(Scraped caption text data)
========
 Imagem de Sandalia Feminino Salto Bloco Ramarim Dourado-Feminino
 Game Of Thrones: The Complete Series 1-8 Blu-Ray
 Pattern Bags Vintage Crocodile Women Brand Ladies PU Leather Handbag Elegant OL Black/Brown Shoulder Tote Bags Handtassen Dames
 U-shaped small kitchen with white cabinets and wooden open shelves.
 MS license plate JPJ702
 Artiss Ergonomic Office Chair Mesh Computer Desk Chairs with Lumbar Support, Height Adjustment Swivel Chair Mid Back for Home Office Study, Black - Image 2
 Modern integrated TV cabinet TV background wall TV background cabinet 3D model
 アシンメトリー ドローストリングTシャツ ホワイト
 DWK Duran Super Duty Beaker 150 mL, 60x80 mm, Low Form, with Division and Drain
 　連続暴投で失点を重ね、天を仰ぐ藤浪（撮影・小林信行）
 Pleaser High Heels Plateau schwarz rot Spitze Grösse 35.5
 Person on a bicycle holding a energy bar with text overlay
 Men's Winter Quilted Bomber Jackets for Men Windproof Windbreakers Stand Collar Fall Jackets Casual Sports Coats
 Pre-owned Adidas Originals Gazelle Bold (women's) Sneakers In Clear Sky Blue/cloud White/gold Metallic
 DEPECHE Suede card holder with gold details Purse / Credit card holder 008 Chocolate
========
**What you are asked to do**
Whenever the string "gold" occurs in a line of the entries above, copy that line.

**Output of the task**
 Pre-owned Adidas Originals Gazelle Bold (women's) Sneakers In Clear Sky Blue/cloud White/gold Metallic
 DEPECHE Suede card holder with gold details Purse / Credit card holder 008 Chocolate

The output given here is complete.